▶ [TASK ITEM]
Print the records below exactly, and do not carry over any picture.
________________________________________
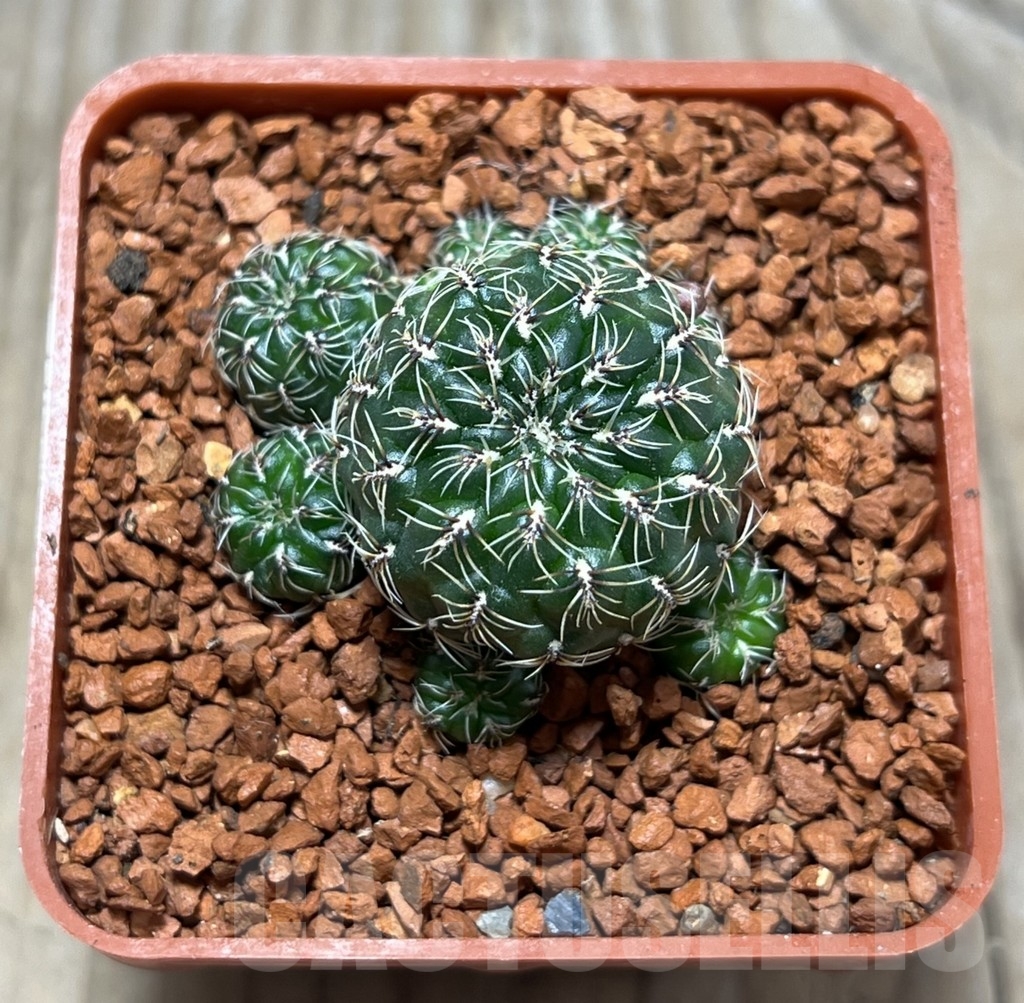 SHPR24672 Sulcorebutia inflexiseta LH 1122 – Bild 2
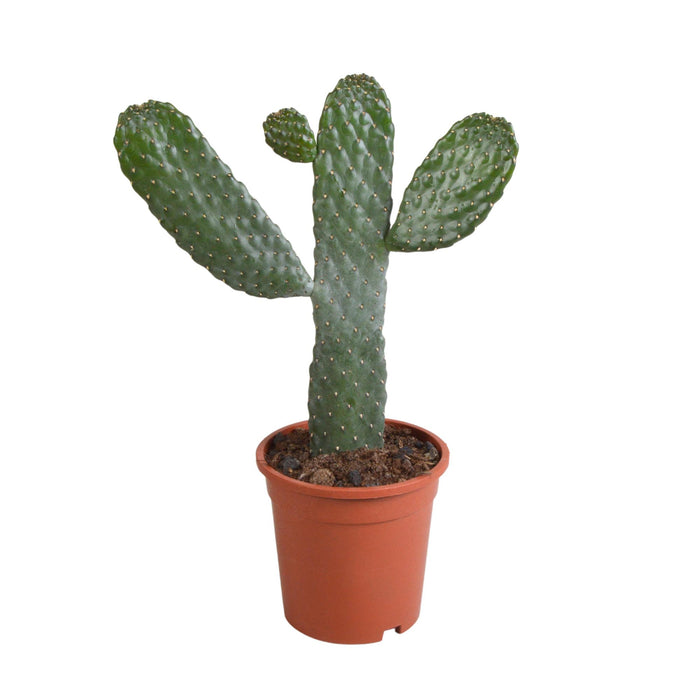 opuntia-consulea-17cm-zonder-pot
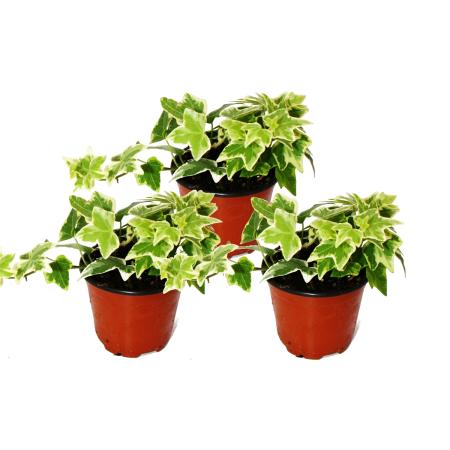 Hedera helix, set of 3, ivy, white coloured leaves, 9cm pot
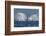 Adult Humpback Whale (Megaptera Novaeangliae), Breaching in the Shallow Waters of Cabo Pulmo-Michael Nolan-Framed Photographic Print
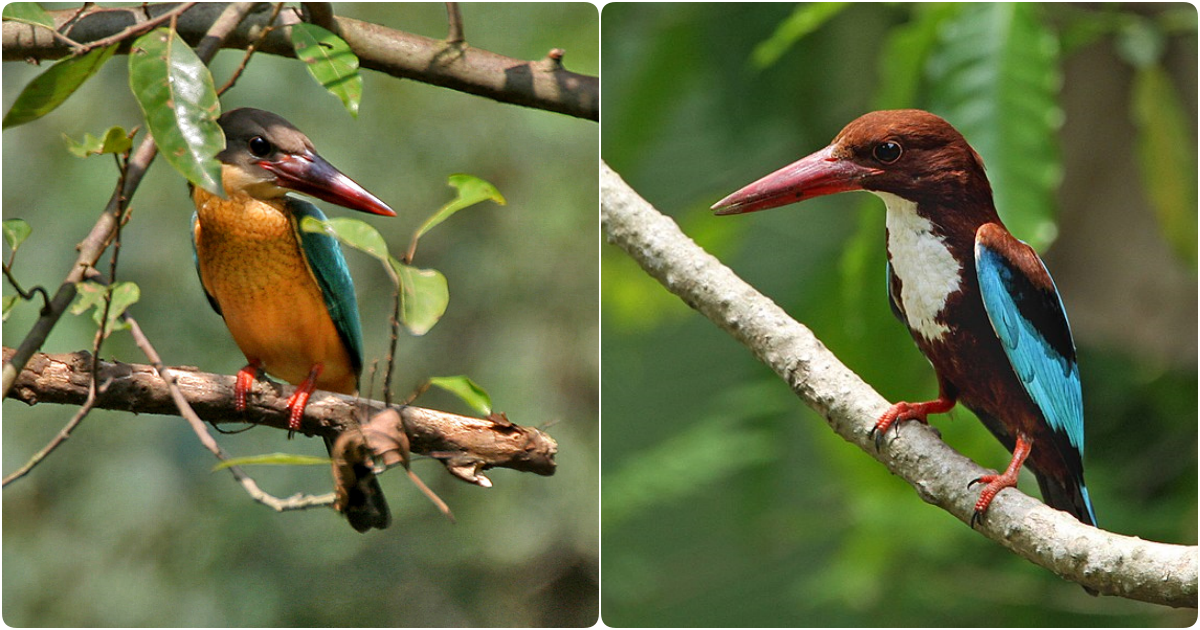 The Enigmatic Spectacled Broadbill: A Tale of Nature’s Living Artistry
________________________________________
▶ [ANSWER TO THIS TASK]
 SHPR24672 Sulcorebutia inflexiseta LH 1122 – Bild 2
 opuntia-consulea-17cm-zonder-pot
 Hedera helix, set of 3, ivy, white coloured leaves, 9cm pot
 Adult Humpback Whale (Megaptera Novaeangliae), Breaching in the Shallow Waters of Cabo Pulmo-Michael Nolan-Framed Photographic Print
 The Enigmatic Spectacled Broadbill: A Tale of Nature’s Living Artistry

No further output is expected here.